Reloaded gets around to providing an answer to that mystery, but you may just miss it. Most viewers can just sit back and enjoy the fireworks, which are abundant. Some time after The Matrix, it’s learned that the machines have found the location of Zion and sent a huge army of robots to dig down to it. While various shaky defenses are prepared, Morpheus (Laurence Fishburne) and his fellow believers hold out faith in the prophecies of The Oracle (Gloria Foster), bucking the system to await her word. Neo (Keanu Reeves) has become a Matrix superhero, able to fly and stop bullets in midair, but oddly still finds it necessary to engage his enemies in kung fu pugilism. Though mighty and confident, he still has a slight air of confusion – ending the war has to be more complex than simply “beating the machines”, but he can’t figure his place in things, and is still unsure whether he’s acting on his own will or just fulfilling Fate. After all, isn’t Fate just another form of slavery? He has a meeting with the Oracle and learns, among other things, that the key to getting to the Matrix mainframe is in the possession of the Keymaker (Randall Duk Kim of The Replacement Killers), one of many unusual new programs we meet living in the Matrix. He also meets Smith (Hugo Weaving) again, who is no longer an Agent, transformed by his last encounter with Neo into a more rebellious program. He’s still out to get our heroes though, and is now able to copy himself over others, producing an army of Smiths. Neo, Morpheus and Trinity (Carrie-Anne Moss) need to free the Keymaker from rogue program Merovingian (Lambert Wilson) and his gang, but only do so with the help of their foe’s sexy wife Persephone (Monica Belluci). Once they’ve got him, getting the Keymaker to the heavily-guarded back door corridor of the Matrix is an even tougher job, especially with Agents joining Merovingian’s occult killers along the way.

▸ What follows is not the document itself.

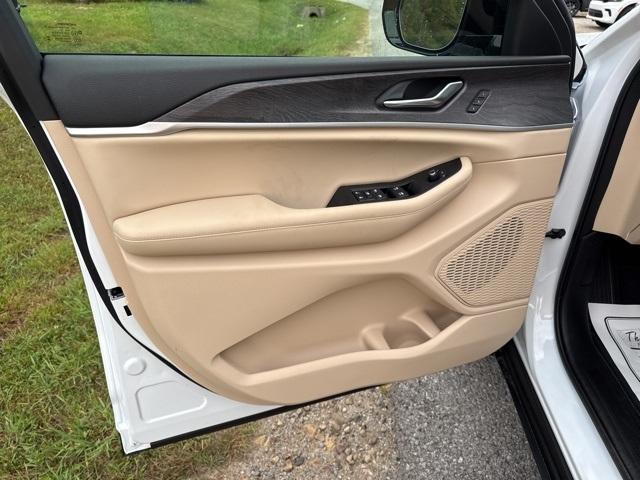 new 2025 Jeep Grand Cherokee car, priced at $48,797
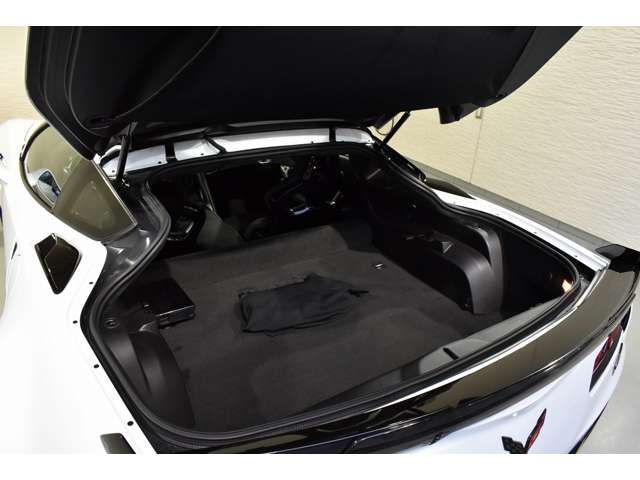 CHEVROLET CORVETTE COUPE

Making matters worse is the fact that Neo has had a recurring nightmare that his beloved Trinity will die on this mission.
All the complications and deep background of the story make it necessary that from time to time somebody has to stop the action and just tell us what’s going on. This can grate a bit – these scenes feel like molasses next to the insane action in between, but just shut up and take a breath while you catch up. In these movies, another gunfight or explosion is always just around the corner. The Wachowskis buck Hollywood “wisdom” here, setting kung fu genius Yuen Woo-ping loose to not only create superpowered fight scenes that last more than 30 seconds, but some of the greatest masterpieces of his career. See Neo fight hundreds of Smiths. See Neo fight Merovingian’s vampire master killers. See Neo fight Hong Kong star Ngai Sing. See Morpheus fight an Agent on top of a speeding 18-wheeler. And the action isn’t confined to punches and kicks – we get tons more chases, explosions and gunfire, all shot with an advanced new form of motion capture that lets the Wachowskis send their camera anywhere in a scene that they want to go. The centerpiece of the film is a stunning chase sequence in which Morpheus and Trinity try to take Keymaker down the dangerous Matrix freeway with Agents and Ghosts in very hot pursuit, while Neo has been teleported 500 miles away.
The Matrix changed f/x action movies forever, so the Wachowskis answer a very serious challenge here to outdo themselves in the sequel. For the most part, they’ve done so, delivering jaw-dropping stuff while keeping their storytelling fluid. Even with Neo clad in a black cassock, you rarely lose sight of where he is while attacked by the black-suited Smith army. The only problem here is that, what with providing the middle chapter in a trilogy and needing to keep a complex narrative afloat, sometimes the film loses its center. The super-Neo is no longer the befuddled hacker we were attached to, and having lost our guide within the Matrix, we’re in constant jeopardy of losing our way.